É importante destacar que todos os dados apresentados consideram o número absoluto de vítimas mortas, não o número de ocorrências. Por exemplo, um triplo homicídio é registrado apenas como uma ocorrência, mesmo envolvendo três vítimas fatais.
Jequié: O epicentro da violência em 2022
O estado da Bahia concentra 12 das 50 cidades mais violentas do país, o maior número entre todos os estados brasileiros. Surpreendentemente, o município de Jequié lidera o ranking de violência em 2022, mesmo não figurando entre as dez maiores cidades baianas de acordo com o Censo 2022 do Instituto Brasileiro de Geografia e Estatística (IBGE).
Entretanto, a situação parece apresentar um cenário positivo em 2023, com os homicídios apresentando queda. Segundo dados da 9ª Coorpin (Coordenadoria Regional de Polícia do Interior), divulgados no início desse mês, o primeiro semestre do ano registrou uma redução de 12,5% no número de homicídios em comparação ao mesmo período de 2022 na cidade.

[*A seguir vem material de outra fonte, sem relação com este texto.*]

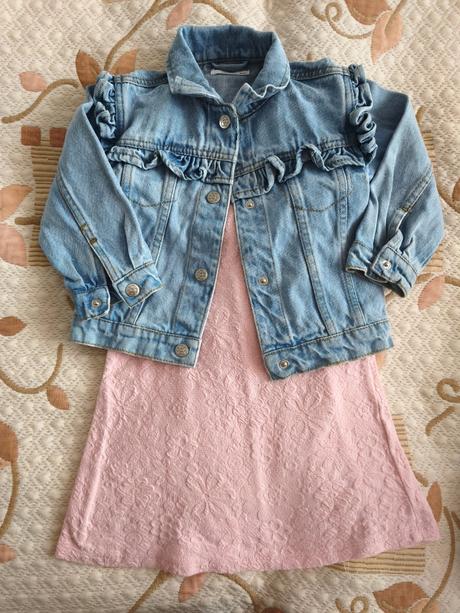 Šaty s riflovkou, 104–116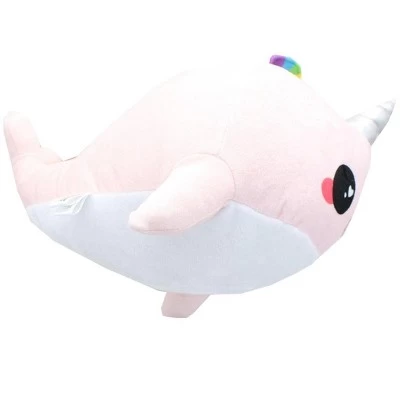 Se7en20 Glitter Galaxy 12-Inch Rainbow Spout Pink Narwhal Collectible Plush 3 Se7en20 Glitter Galaxy 12-Inch Rainbow Spout Pink Narwhal Collectible Plush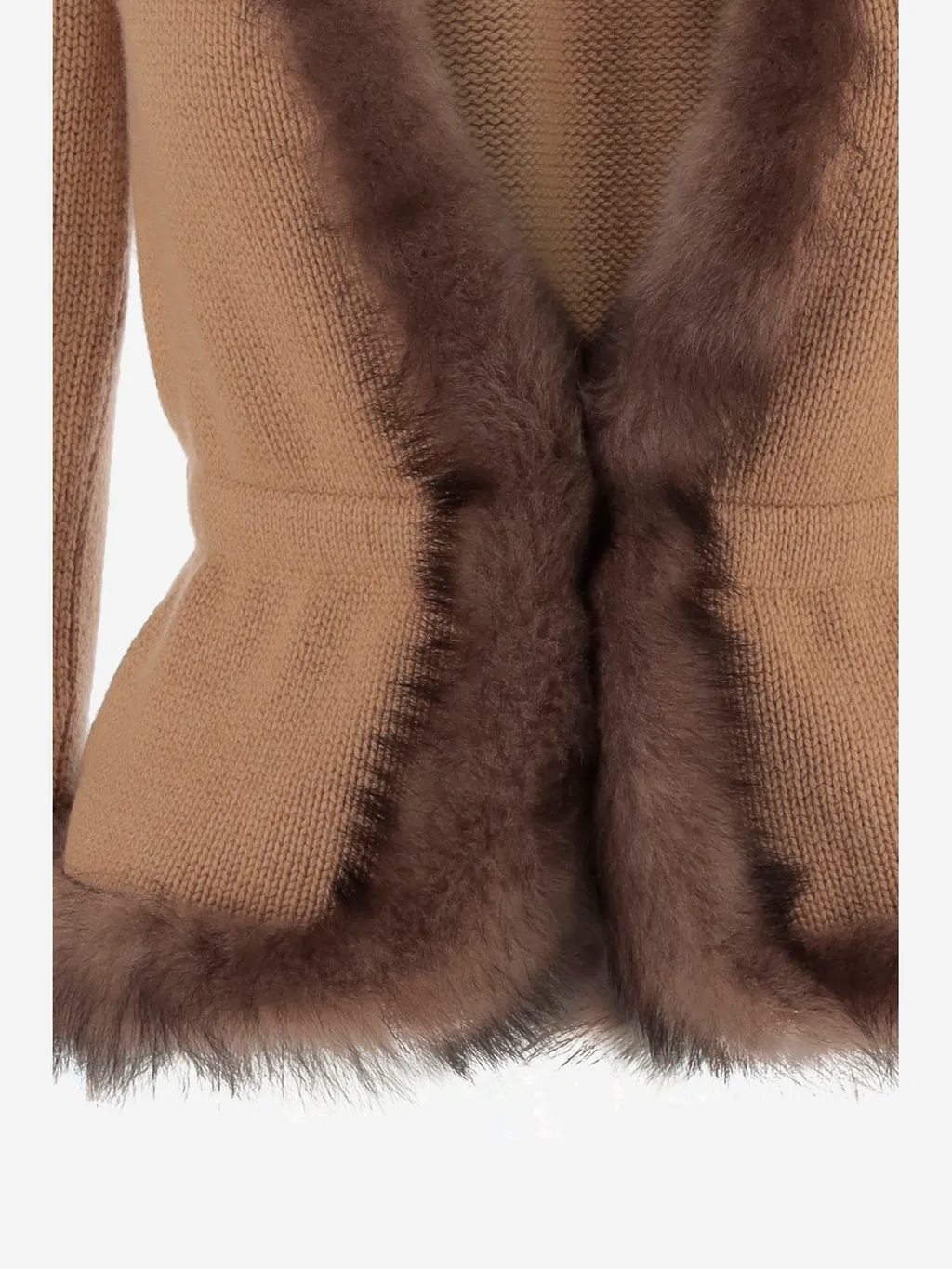 Valentino Faux-Fur Trimmed Jacket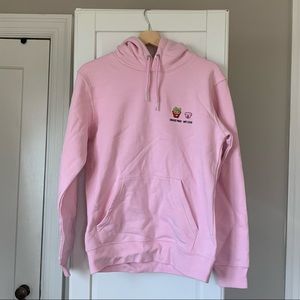 NEW Sassy Spud Choose Fries Not Lives - Cotton Pink Hoodie XS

Mais cidades baianas entre as mais violentas
Além de Jequié, outras cidades baianas também constam na lista das mais perigosas do país. Em segundo lugar, encontra-se Santo Antônio de Jesus, no Recôncavo, com uma taxa de 88,3. Logo após, temos Simões Filho, com 87,4, e Camaçari, com 82,1. Essas duas últimas cidades fazem parte da Região Metropolitana de Salvador.
Em nono lugar, aparece Feira de Santana, com taxa de 68,5, seguida por Juazeiro, ocupando o décimo lugar com uma taxa de 68,3. A lista dos 20 municípios mais violentos ainda inclui Ilhéus (62,1), Luiz Eduardo Magalhães (56,5) e Eunápolis (56,3).
Esses dados são um alerta para a necessidade de políticas públicas efetivas para combater a violência no estado da Bahia, além de apontar para a importância de medidas preventivas que busquem a segurança e o bem-estar da população.